In these times of peril and of uncertainty in the world that we live in, I recently sat at a bar and revisited the American dream. I was sitting there waiting to get on my flight back to the Midwest, but while this bar might seem like any other bar, it is not for me. My dad worked here for close to a decade. Back then it was called Antone’s and back then you would find me in the kitchen working alongside my father.
My dad showed me and taught me what hard work is and told me to study hard so I could be in the position I am today. Now, I’m the first in my family to graduate from college and earn a master’s degree in Latin American Studies with the opportunity to attend an Ivy League institution next fall. I’m fully bilingual, a teacher (a profession that makes my soul smile), well-traveled and in love with culture. A position of privilege, absolutely, but back in the early ’90s when my parents migrated to the United States it was not even present in their wildest dreams.
It is fundamental for us to step back and think about what we are fighting for and how Hillary Clinton’s election loss and the precarious moves of our president-elect, Donald Trump, make it feel like our American dream, at least for minorities, is in serious danger.
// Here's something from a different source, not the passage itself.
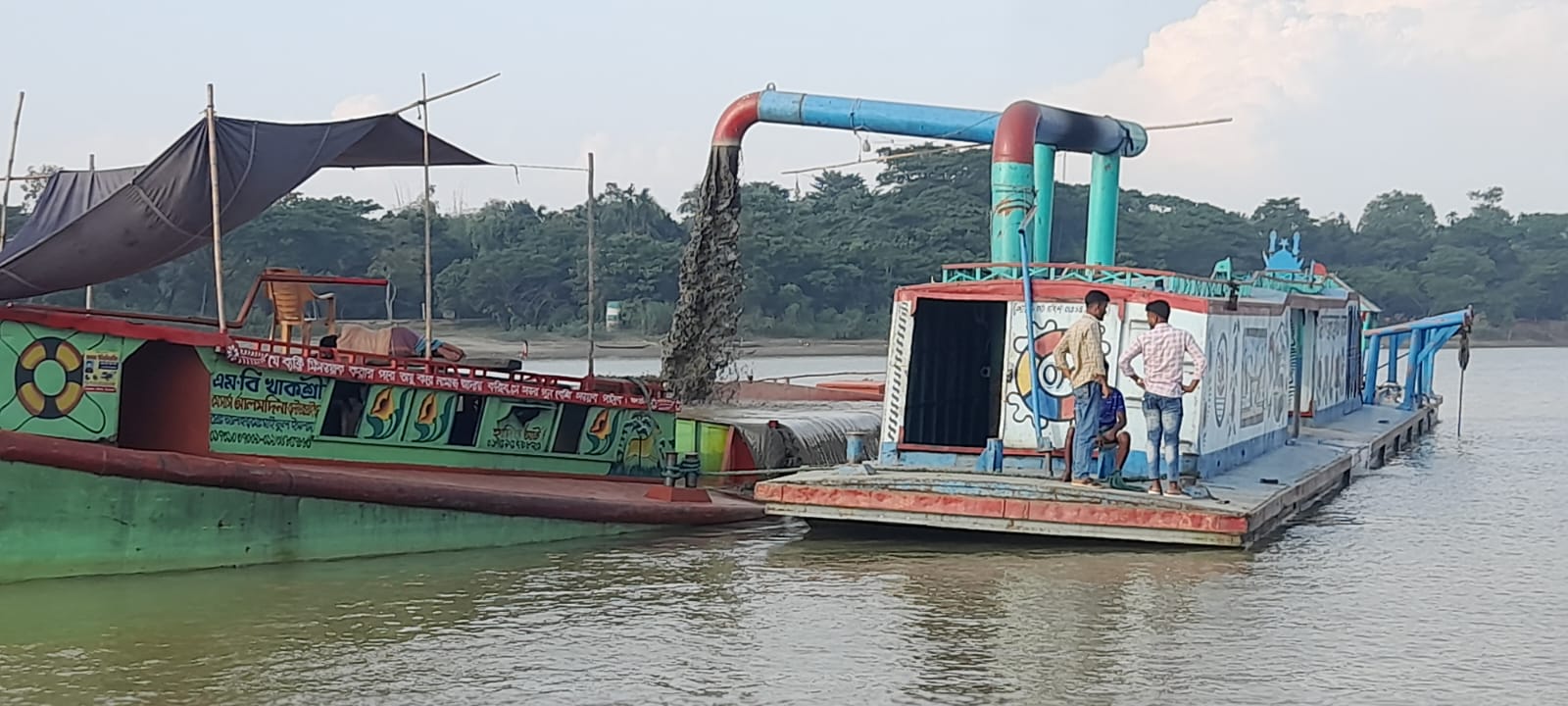 চার্জশীটে বালু লুটতরাজদের নাম বাদ দেয়ায় ক্ষোভ, পুনঃতদন্ত চেয়ে আবেদনের প্রস্তুতি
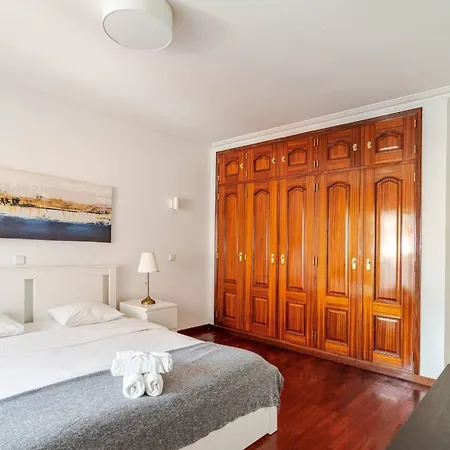 בית הארחה Cozy & Air Conditioning & Large *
A Twitter-junky is about to sit on the Iron Throne (excuse my Game of Throne reference) and if his response to the kind message by the “Hamilton” cast is a sign of things to come, then America is in for some very trying times.
As a Latinamericanist, the idealism of the American dream has been hard to concede as I am aware, far more than most, about the tangled and faltered destinies that the U.S. and Latin America share. However, as a Latinx, it is within me to look at a Utopian past and find greatness and often give in and start to believe that we can strive to possess a little bit of that greatness from the Incas, Aztecs, and Mayas. For the U.S., however, that greatness seems to lay in economic wealth and prosperity, not a glorious indigenous civilization. What is fundamental about the American dream is the following: We believe that an immigrant can come from nothing and make her/himself into something. What we seem to forget, in the process of letting ourselves fall into a vast ocean of idealistic dreams, is that our immigrant community is one of the most vulnerable groups in our society. They are hanging on for dear life right now. The struggle has always been there and that is what makes for a great story, but within our whirlwind of a political environment we must find it in ourselves to protect the road that so many people like Cesar Chavez and Dolores Huerta paved for us so we can be where we are. We must not give an inch to those who threaten the ideals of the American dream.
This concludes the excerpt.